= Tamar Valley, Tasmania =

Valley in Tasmania

The Tamar Valley is a valley in Tasmania, Australia (lutruwita). It runs north-west from the northern city of Launceston to the coast either side of the Tamar River, a distance of approximately 70 km.

There are more than 20 vineyards lining the valley, making it the largest wine region in lutruwita Tasmania. Tourists are guided by the Tamar Valley Wineroute. The main varieties of grapes grown are pinot noir and chardonnay.

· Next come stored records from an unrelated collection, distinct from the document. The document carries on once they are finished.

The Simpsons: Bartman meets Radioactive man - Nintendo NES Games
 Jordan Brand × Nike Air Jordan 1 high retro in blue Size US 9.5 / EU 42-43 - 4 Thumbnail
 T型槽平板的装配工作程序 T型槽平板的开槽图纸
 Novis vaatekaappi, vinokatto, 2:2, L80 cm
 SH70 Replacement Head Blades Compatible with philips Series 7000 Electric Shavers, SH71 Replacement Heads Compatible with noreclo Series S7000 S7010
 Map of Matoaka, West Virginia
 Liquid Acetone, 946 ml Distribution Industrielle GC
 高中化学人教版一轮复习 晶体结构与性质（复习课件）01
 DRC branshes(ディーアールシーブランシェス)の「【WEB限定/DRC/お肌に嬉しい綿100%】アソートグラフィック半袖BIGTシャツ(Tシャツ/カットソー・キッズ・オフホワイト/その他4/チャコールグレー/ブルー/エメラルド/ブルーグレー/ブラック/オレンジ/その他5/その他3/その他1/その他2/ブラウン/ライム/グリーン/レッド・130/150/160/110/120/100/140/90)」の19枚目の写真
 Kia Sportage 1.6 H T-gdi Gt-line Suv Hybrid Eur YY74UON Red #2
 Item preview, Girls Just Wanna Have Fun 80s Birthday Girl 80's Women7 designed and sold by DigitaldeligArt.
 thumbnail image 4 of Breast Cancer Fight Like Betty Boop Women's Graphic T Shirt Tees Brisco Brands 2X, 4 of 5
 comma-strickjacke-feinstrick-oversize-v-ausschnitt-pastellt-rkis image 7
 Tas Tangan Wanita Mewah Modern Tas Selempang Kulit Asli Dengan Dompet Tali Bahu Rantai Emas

The body of water which flows through Tamar Valley extends from the Bass Strait to Launceston, and is commonly referred to as Tamar River despite it actually being an estuary. The palawa name for the Tamar River is kanamaluka and it stretches 70km, making it Australia’s longest estuary.
kanamaluka/Tamar estuary is part of the East-Asian Flyway; a migratory corridor which stretches from the Russian Tundra, Mongolia, and Alaska to non-breeding grounds in the Southern Hemisphere. Migratory birds using the East-Asian Flyway are protected under federal legislation. kanamaluka/Tamar estuary is home to over 20 migratory bird species including more than 1% of the global Chestnut Teal and Pies Oystercatcher populations which rely on the estuary during a key stage in their lifecycle.

The Tamar Valley is a graben—a depressed block of the crust bordered by parallel faults.